- ASSIGNED TASK
After locating the line with "Silver och väldigt" in the data that follows, return it and every later line exactly, up to and including the line with "Secretario de Seguridad".

- DATA
______

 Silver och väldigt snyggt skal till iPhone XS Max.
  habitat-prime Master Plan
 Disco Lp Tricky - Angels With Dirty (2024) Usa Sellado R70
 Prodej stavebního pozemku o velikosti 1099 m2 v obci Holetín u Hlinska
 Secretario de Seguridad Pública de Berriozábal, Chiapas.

______

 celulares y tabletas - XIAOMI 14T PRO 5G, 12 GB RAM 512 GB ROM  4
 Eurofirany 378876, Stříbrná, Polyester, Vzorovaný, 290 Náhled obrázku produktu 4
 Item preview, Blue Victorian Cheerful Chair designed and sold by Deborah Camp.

______

- ANSWER AREA
 Silver och väldigt snyggt skal till iPhone XS Max.
  habitat-prime Master Plan
 Disco Lp Tricky - Angels With Dirty (2024) Usa Sellado R70
 Prodej stavebního pozemku o velikosti 1099 m2 v obci Holetín u Hlinska
 Secretario de Seguridad Pública de Berriozábal, Chiapas.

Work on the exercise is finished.